» **Exercise requirements**: The whole listing should be retyped exactly as it appears.

» **Input material**:
○ ○ ○
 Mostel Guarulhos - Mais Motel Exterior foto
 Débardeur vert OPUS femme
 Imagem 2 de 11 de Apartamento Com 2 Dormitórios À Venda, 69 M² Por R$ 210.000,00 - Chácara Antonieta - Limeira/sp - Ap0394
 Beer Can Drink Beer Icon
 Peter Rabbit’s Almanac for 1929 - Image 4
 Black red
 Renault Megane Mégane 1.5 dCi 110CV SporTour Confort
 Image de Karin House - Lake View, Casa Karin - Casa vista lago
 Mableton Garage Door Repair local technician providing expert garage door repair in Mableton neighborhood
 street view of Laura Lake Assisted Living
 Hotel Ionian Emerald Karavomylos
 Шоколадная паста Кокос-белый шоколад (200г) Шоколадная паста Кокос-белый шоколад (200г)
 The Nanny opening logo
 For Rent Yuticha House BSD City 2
○ ○ ○
» **Result of the exercise**:
 Mostel Guarulhos - Mais Motel Exterior foto
 Débardeur vert OPUS femme
 Imagem 2 de 11 de Apartamento Com 2 Dormitórios À Venda, 69 M² Por R$ 210.000,00 - Chácara Antonieta - Limeira/sp - Ap0394
 Beer Can Drink Beer Icon
 Peter Rabbit’s Almanac for 1929 - Image 4
 Black red
 Renault Megane Mégane 1.5 dCi 110CV SporTour Confort
 Image de Karin House - Lake View, Casa Karin - Casa vista lago
 Mableton Garage Door Repair local technician providing expert garage door repair in Mableton neighborhood
 street view of Laura Lake Assisted Living
 Hotel Ionian Emerald Karavomylos
 Шоколадная паста Кокос-белый шоколад (200г) Шоколадная паста Кокос-белый шоколад (200г)
 The Nanny opening logo
 For Rent Yuticha House BSD City 2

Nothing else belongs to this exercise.